**What needs to be done**:
Only the lines below from the one containing "like new BLUE" through the one containing "Fried meesua at" belong in the answer, set down exactly, with the pictures left out.

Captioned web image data
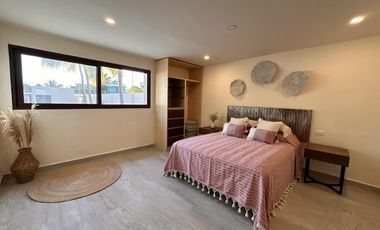 CASA EN VENTA MERIDA, PLAYA CHUBURNA, FRENTE AL MAR, ENTREGA INMEDIATA.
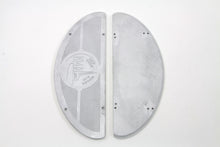 Load image into Gallery viewer, World&#39;s Fair 1940 Alloy Footboard Inserts 1940 / 1965 FL 1940 / 1952 W 1940 / 1965 G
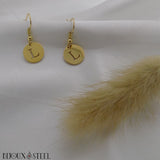 Boucles d'oreilles dorées médailles rondes lettre personnalisable
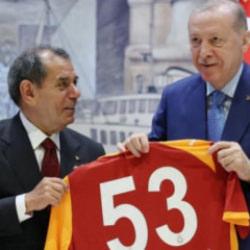 Galatasaray'dan Cumhurbaşkanı Erdoğan'a ziyaret! 53 numaralı forma takdim edildi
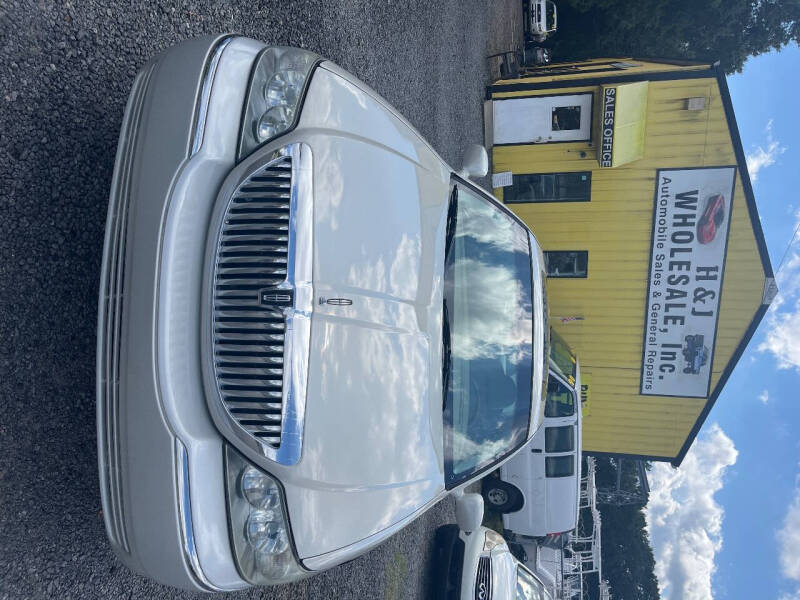 2007 Lincoln Town Car Signature Limited photo 2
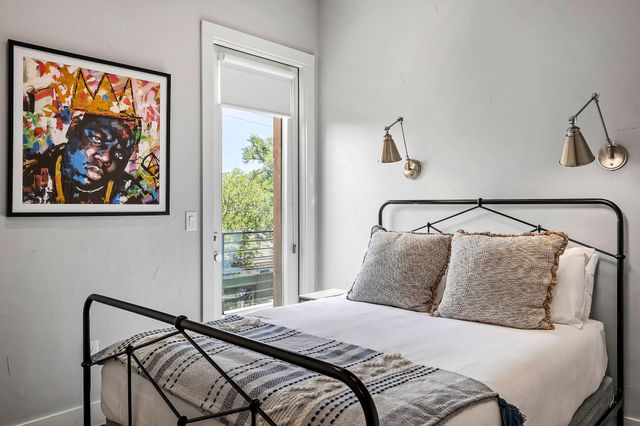 2414 Kinney RD, Austin, TX 78704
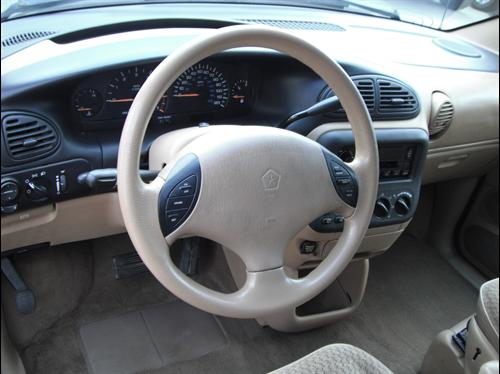 Dodge Grand Caravan 2000 photo 2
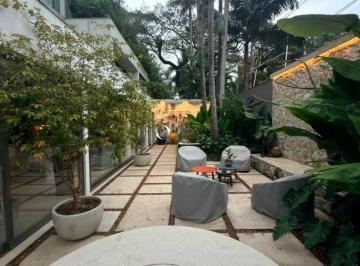 e2b9dc26a1d97654acb23850a2cb5ee00c136e7a · Casa com 2 suítes à venda, 180 m² por R$ 12.500.000 - Jardim Europa - São Paulo/SP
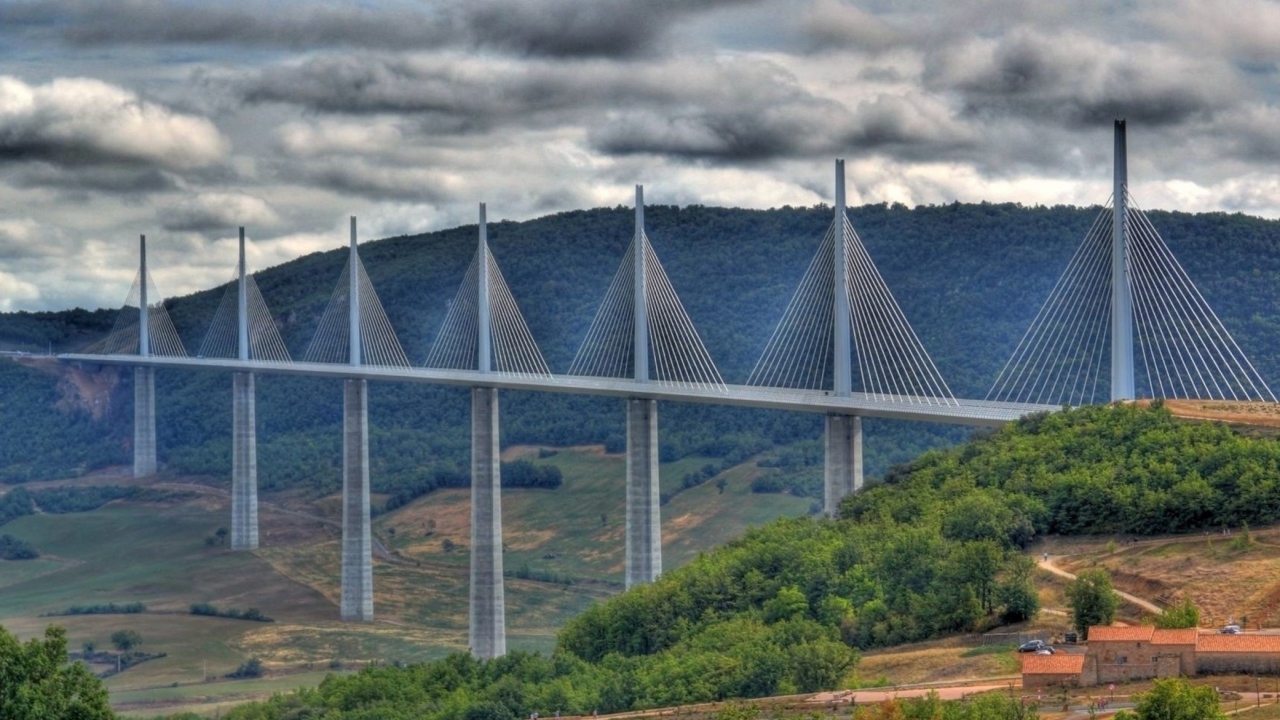 Обои Viaduc De Millau In France 1280x720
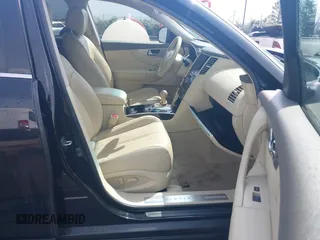 2017 Infiniti QX70 with VIN JN8CS1MW0HM414433, listed as a IAAI auction lot 41791003 with 105,946 mi miles and . Bid and sale history available at DreamBid. Image 5.
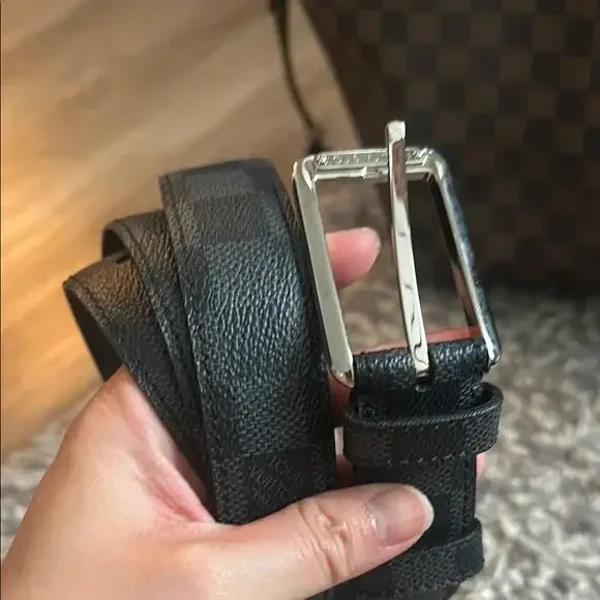 Louis Vuitton Black Leather Men's Belt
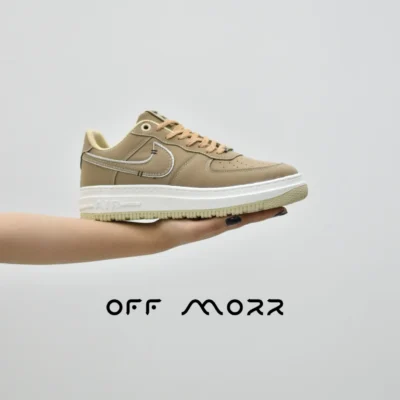 کفش مردانه نایک ایرفورس 1 قهوه ای سفید nike air force 1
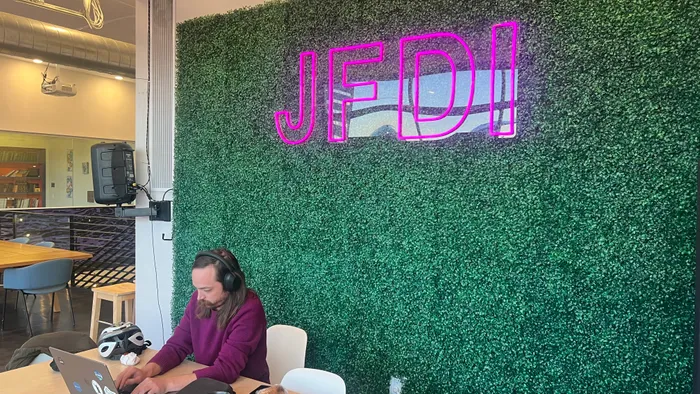 NeonSignsNow.Com - Custom Neon Sign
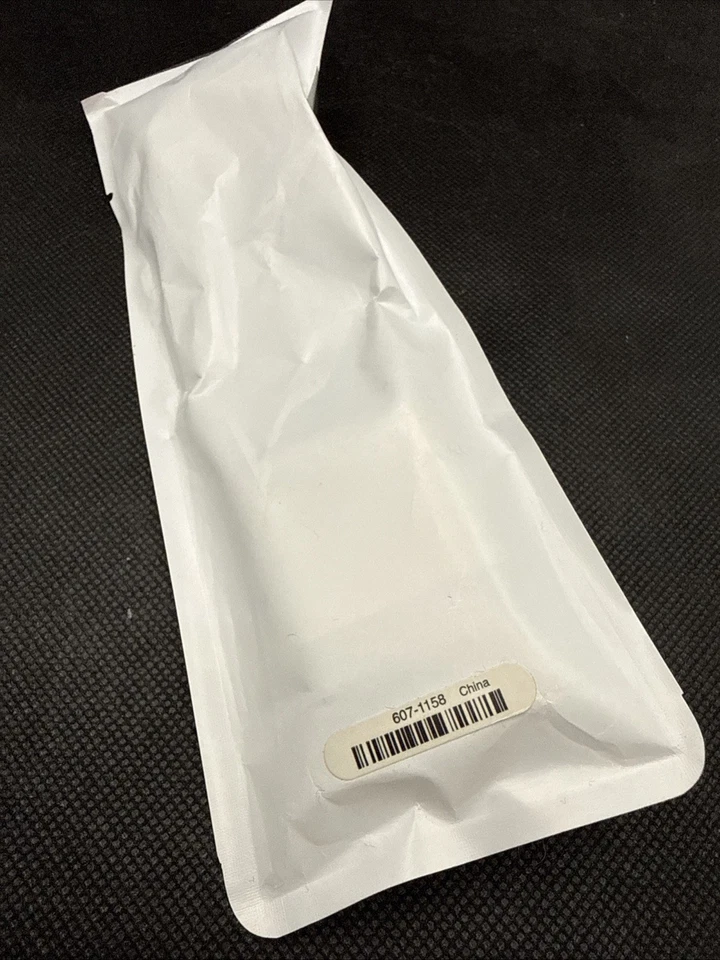 Genuine OEM Apple DVI to VGA Monitor Adapter Brand New In Package - Image 2 of 2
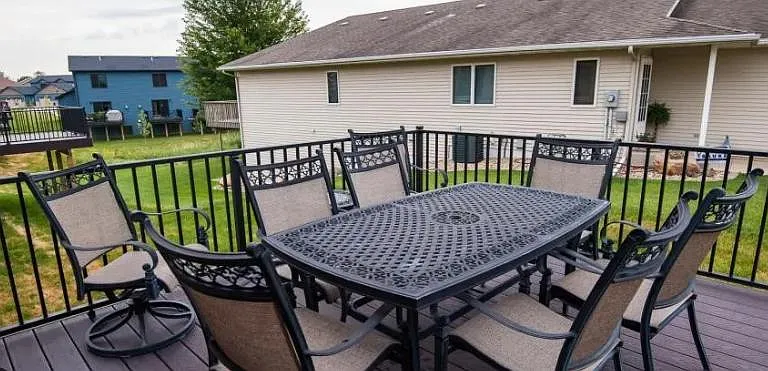 deck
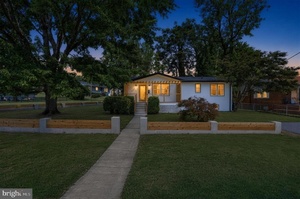 photo 1 of 4620 Lacy Ave, Suitland, MD 20746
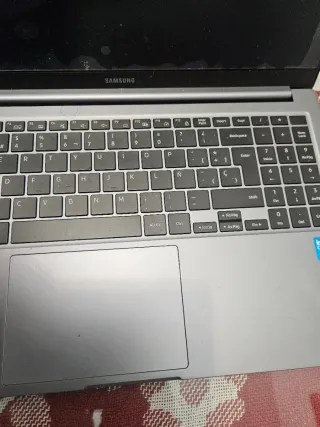 Portátil Samsung Windows 11 8GB 512GB SSD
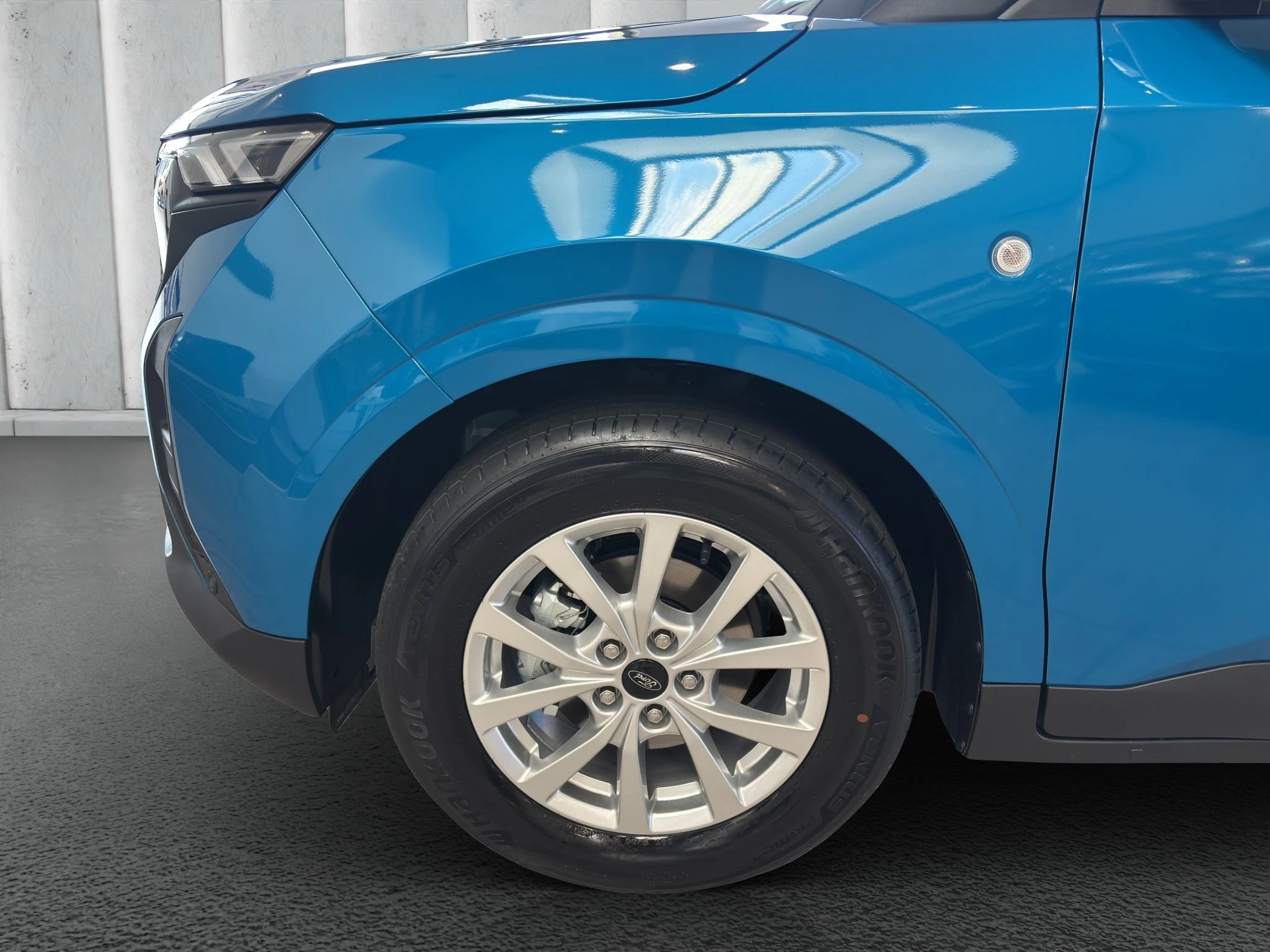 Ford-Tourneo Courier-image-8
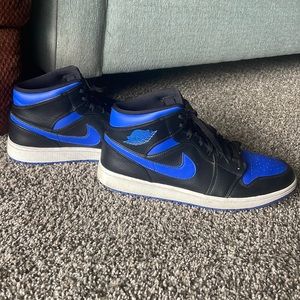 like new BLUE AND BLACK NIKE AIR JORDAN RETRO ONES size 13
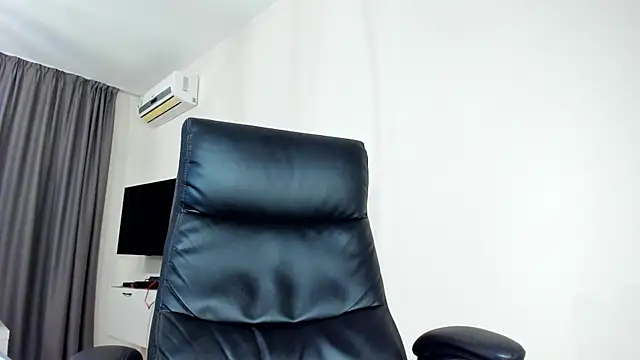 Snapshot of Findom_guy chatting on 04.15.26 Findom guy online show from 04.15.26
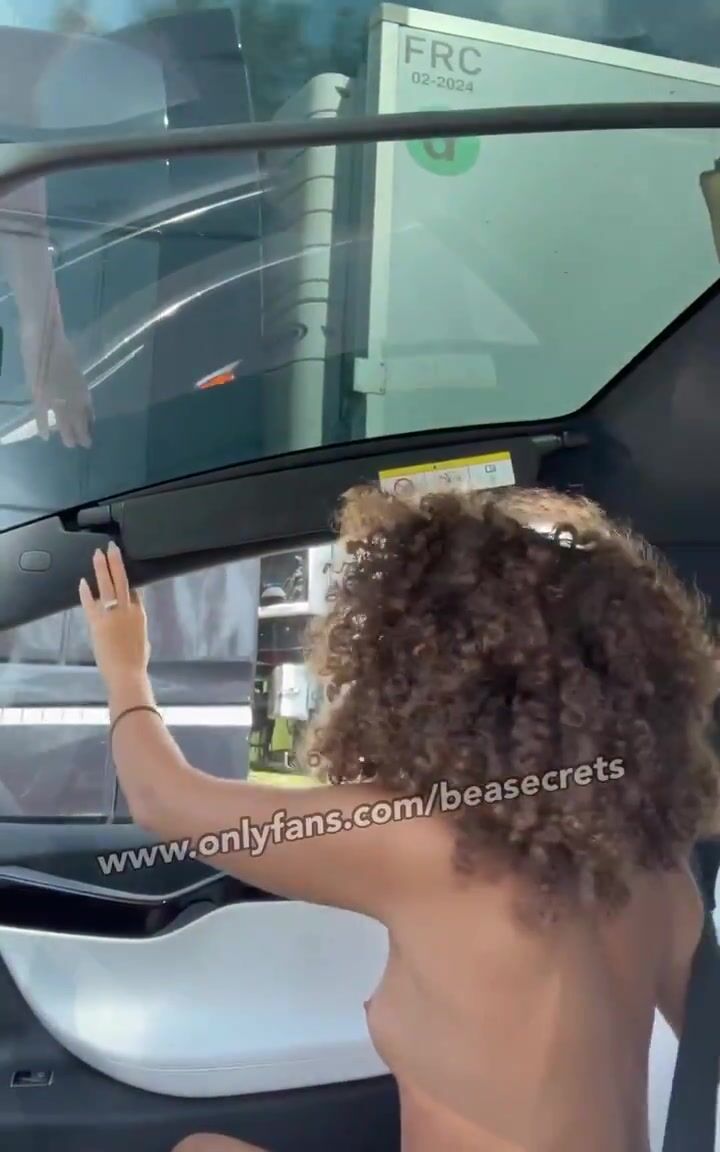 Beasecrets fa vedere le tette a camionista in autostrada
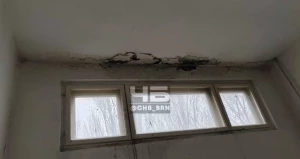 Дом в Барнауле почти рухнул, а жильцы ждут новую крышу. 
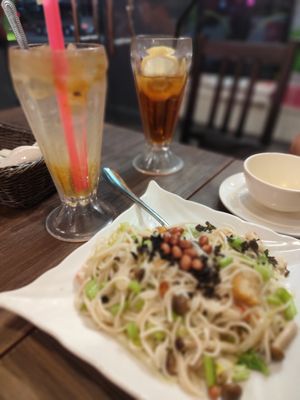 Fried meesua at New Fut Kai Vegetarian 新佛界素食 in Central Singapore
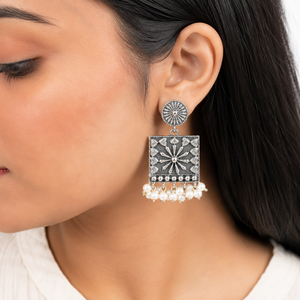 Pendientes Colgantes Étnicos Banjara de Aleación de Plata Oxidada y Oro al por Mayor, Diseño Largo y Elegante, Regalo Tradicional Antiguo para Mujer - Product Image 1
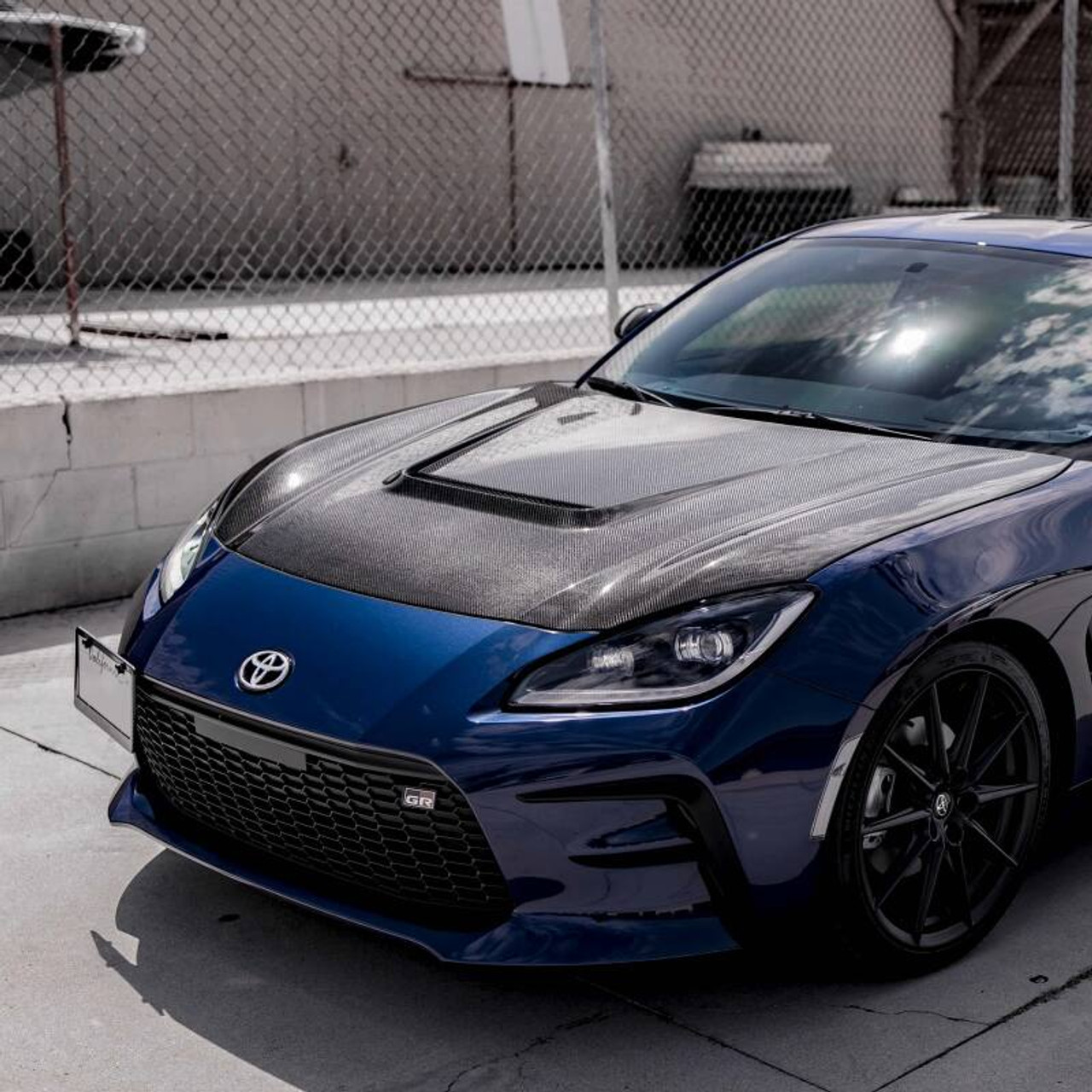 Seibon 2022 Toyota GR86 / Subaru BRZ VS-Style Carbon Fiber Hood - HD22TY86-VS User 1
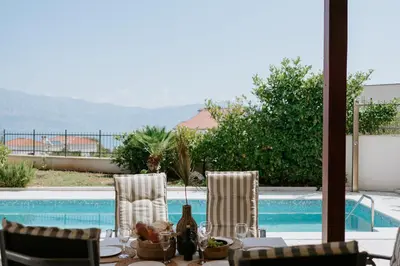 Bazen u objektu Villa Oleander by Domus Mirus - Rooftop Cinema & Pool & 6min Walk to Beach ili u blizini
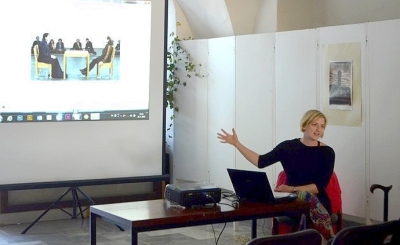 Kapitoly ku kritike umenia na Slovensku priblížila v Galérii Baníckeho múzea v Rožňave Mgr. Silvia L. Čúzyová, PhD.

**Expected answer**:
 like new BLUE AND BLACK NIKE AIR JORDAN RETRO ONES size 13
 Snapshot of Findom_guy chatting on 04.15.26 Findom guy online show from 04.15.26
 Beasecrets fa vedere le tette a camionista in autostrada
 Дом в Барнауле почти рухнул, а жильцы ждут новую крышу. 
 Fried meesua at New Fut Kai Vegetarian 新佛界素食 in Central Singapore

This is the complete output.